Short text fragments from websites

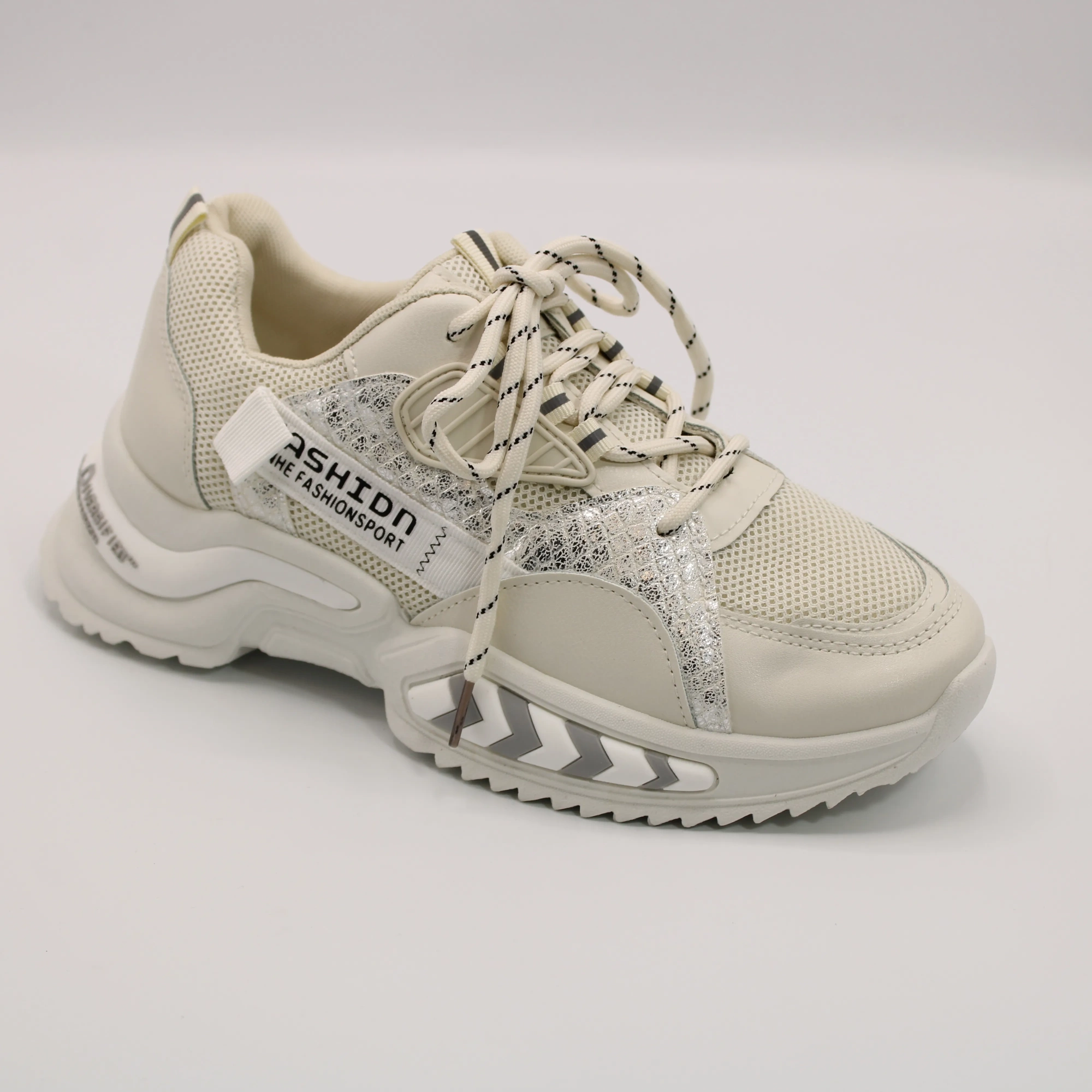 Женские кроссовки бежевого цвета LUTA BS01-1196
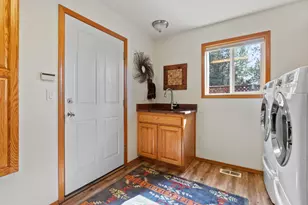 61250 15th St, Bend, OR 97702 - Photo 22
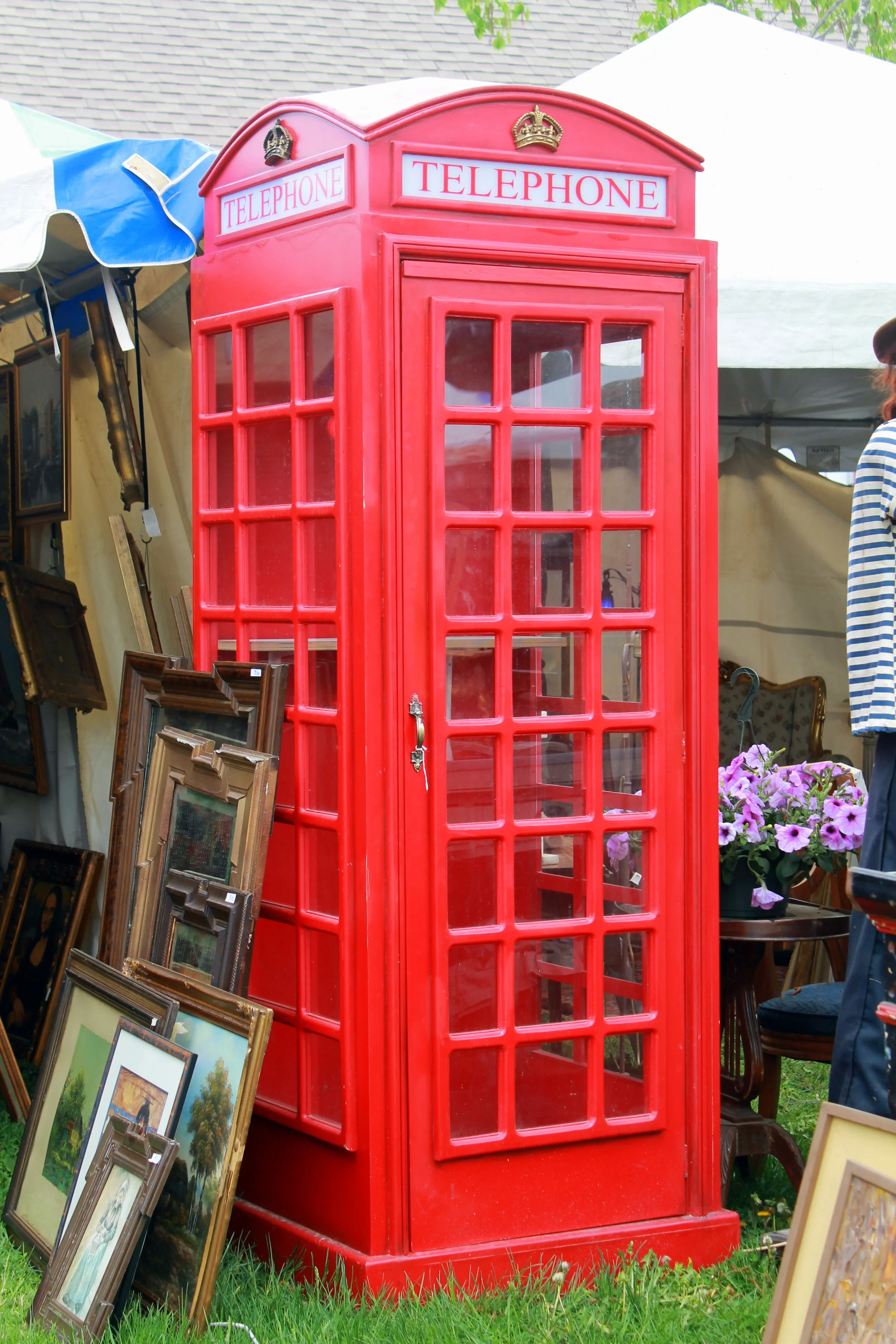 These old British phone booths are becoming obsolete. Would make for a fun phone charging station in a home that could accommodate this!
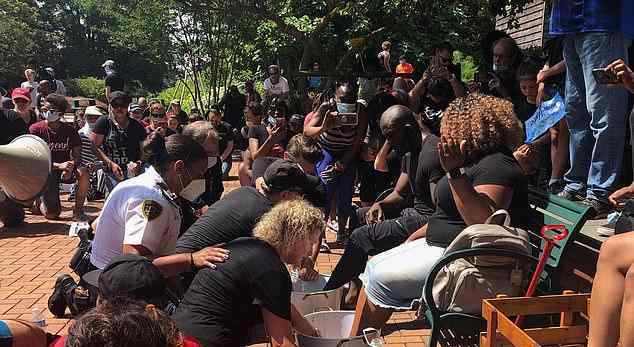 白人警察跪着为黑人洗脚＂示爱＂!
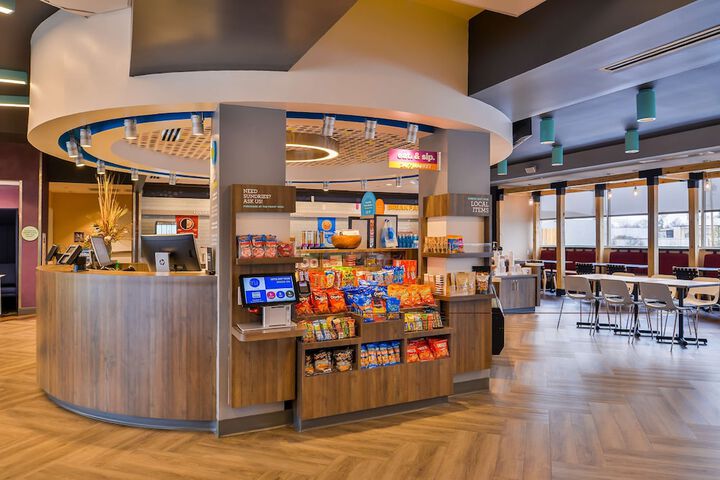 Snack bar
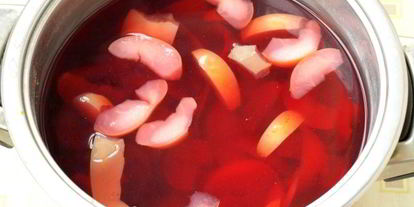 Шаг 4: компота с яблоками, малиной, калиной и айвой
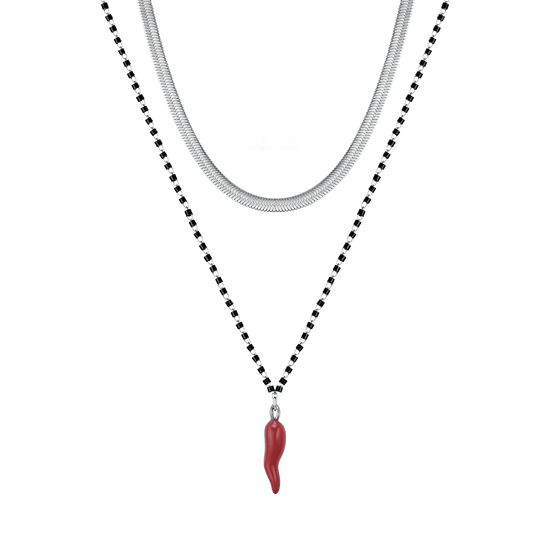 COLLAR DE ACERO PARA MUJER CON CUERNO CON ESMALTE ROJO Y ELEMENTOS NEGROS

# Description of the task
Please reproduce the lines exactly from the one containing "61250 15th St, Bend, OR 97702 - Photo 22" through the last line of the data above, and keep the pictures out.

# Solved problem
 61250 15th St, Bend, OR 97702 - Photo 22
 These old British phone booths are becoming obsolete. Would make for a fun phone charging station in a home that could accommodate this!
 白人警察跪着为黑人洗脚＂示爱＂!
 Snack bar
 Шаг 4: компота с яблоками, малиной, калиной и айвой
 COLLAR DE ACERO PARA MUJER CON CUERNO CON ESMALTE ROJO Y ELEMENTOS NEGROS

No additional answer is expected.